7. Use empathy when problem solving. Put yourself in the other person's place.
8. Be honest and straightforward.
9. Respect each other's family traditions, histories, and allegiances.
10. Compromise whenever possible. Look for solutions outside of the box.
How to Communicate Effectively with Your Ex
Why would you need to communicate effectively with your ex when there is a wedding in the works? There are a couple of scenarios. As I discussed earlier, maybe you have children together. If you are remarrying, or your ex is remarrying, that remarriage will certainly affect the children. Whatever affects your children is the business of both you and your ex, and you will need to communicate productively with one another about the issues that affect them. Or maybe your adult child is getting married. Then you and your ex will need to get along to make your child's wedding day the best it can possibly be.
There are five actions or behaviors that will help you and your ex interact successfully:
1. Stop assigning blame and decide to cooperate.
2. Break the old patterns of communication.
3. Let go of negative emotions.
4. Realize that holding on to the past prevents positive present interaction.
5. Acknowledge your mutual interests.
Stop Assigning Blame and Decide to Cooperate
I often hear people object, "But I do cooperate! It's not me. It's him!" It's rarely only the other person. It may be true that you are not contributing to the immediate communication problem, but there was probably a time in the past when you did. Believe it or not, your ex hasn't forgotten. During an interaction you might be thinking, "I was just very polite, and his response was really rude!" Meanwhile he's thinking, "Yeah, she was nice just now, but five years ago when I asked for ___________ [you fill in the blank], she was really miserable to me. I'm justified in being rude now. It's her fault."
Assigning blame is really just an excuse for bad behavior. You get stuck feeling justified in your anger and feeling like a wounded individual — and then you seek revenge, which really prevents positive communication. Revenge doesn't have to be the type of revenge you see in the movies, where people plot with guns or poison. It can be in the form of being uncooperative with your ex. That hurts the other person more than physical revenge — and lasts far longer. You win. Or do you?
It's time to stop using rights, sides, fault, and blame as reasons for bad behavior and to take responsibility for your own actions.
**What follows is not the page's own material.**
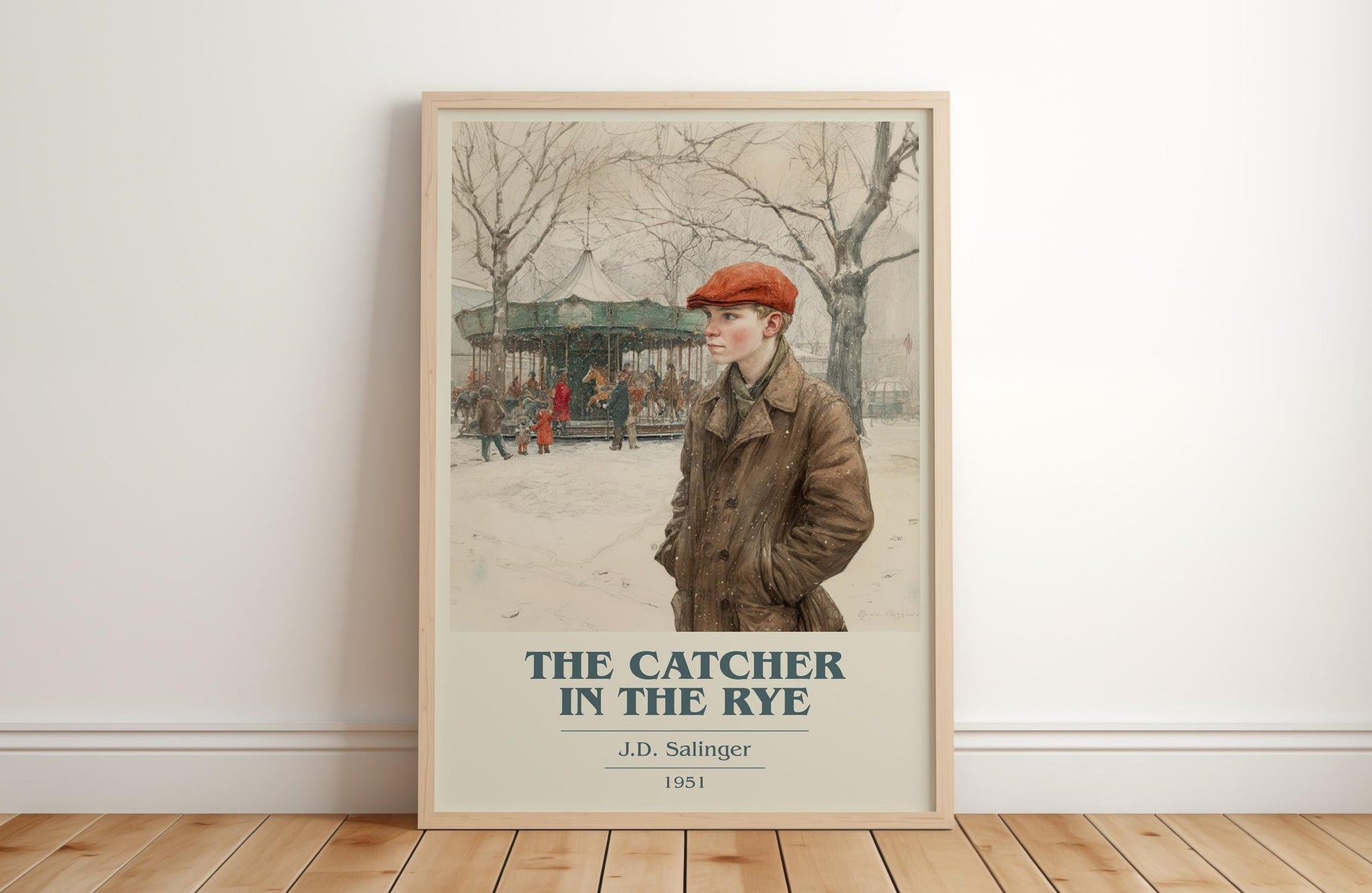 The Catcher in the Rye book cover print in frame leaning in hallway – coming of age wall art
That's why I say that deciding to cooperate, despite whose "fault" you think something is, is the first step to positive interaction.
Break the Old Patterns of Communication
Breaking an old pattern of communication is not easy. So much of it is mental preparation. When you prepare for a meeting with your ex by stewing about how he has made you angry, or worrying that something you might say will make him angry, the thoughts that you run over and over in your mind will have an effect when you finally interact. Negative thought can lead to negative behavior. In the psychological community this is referred to as a "conditioned response based on past experiences." If your thoughts about someone conjure up feelings of anger and resentment or worry and anxiety, you are not likely to want to cooperate. If you can change your thinking process, you can change your behavior.
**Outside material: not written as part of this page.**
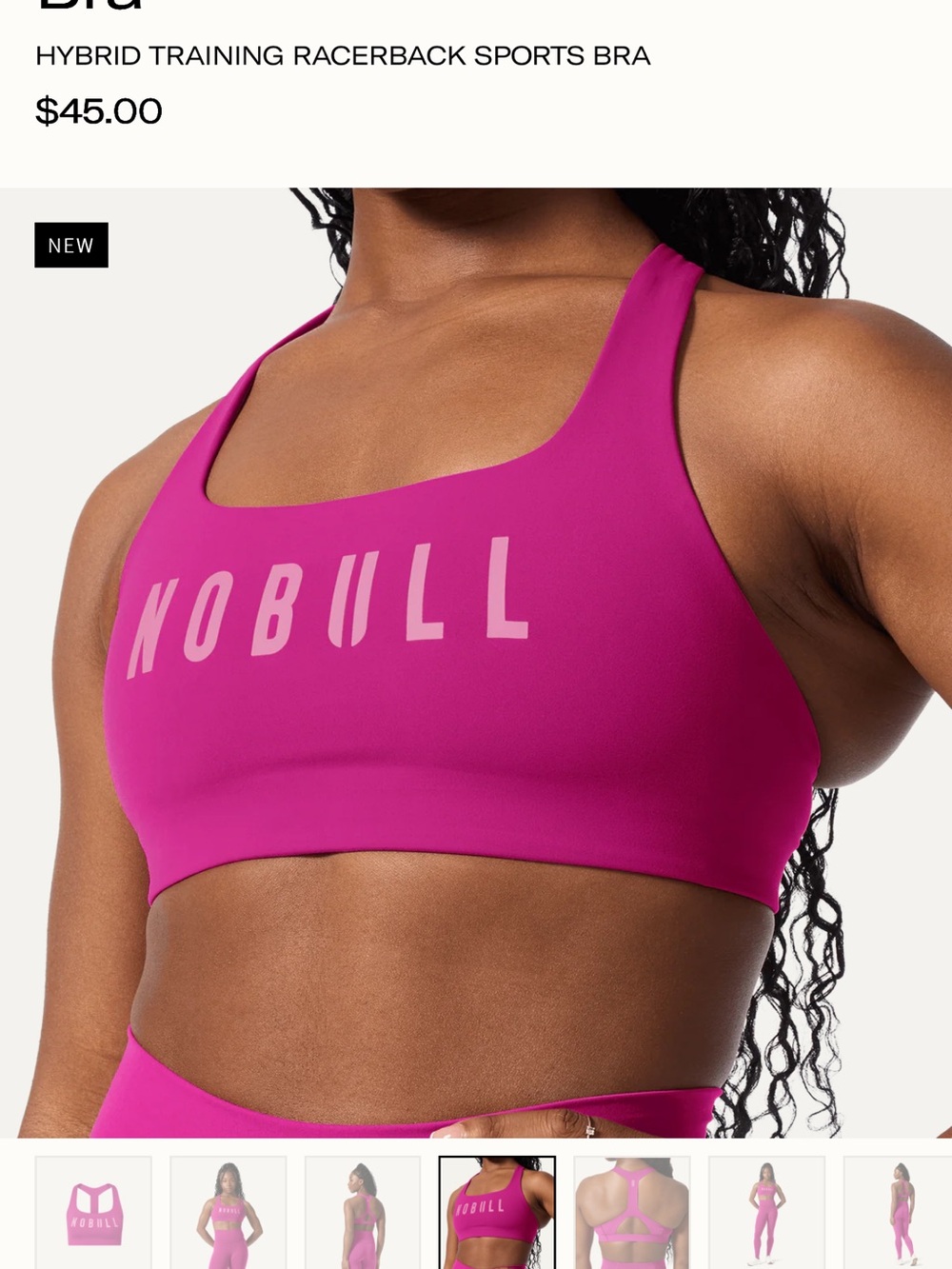 NOBULL Fuchsia Sports Bra with Light Pink Logo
I often tell a personal story that's a perfect example of how thought processes affect a person's behavior — and what that person must do to break the cycle. It's about communicating with my husband's ex, not my own, but the relationship was perhaps just as emotionally charged. My husband and I had been married for six months, and during that time Sharyl and I were not the best of friends. Every morning I would sit in front of my makeup mirror, and as I put on my makeup, I'd rehearse what I was going to say to her the next time she did something that made me angry. As I put on my foundation, I was a little miffed. As I progressed to the blusher, I was angrier still. By the time I was adding the finishing touches with my mascara, I was livid — and I hadn't said a thing to anyone!
This went on day after day. I thought I was keeping it all inside and that no one knew how angry I was, until one day my husband timidly tiptoed around the corner of the bathroom.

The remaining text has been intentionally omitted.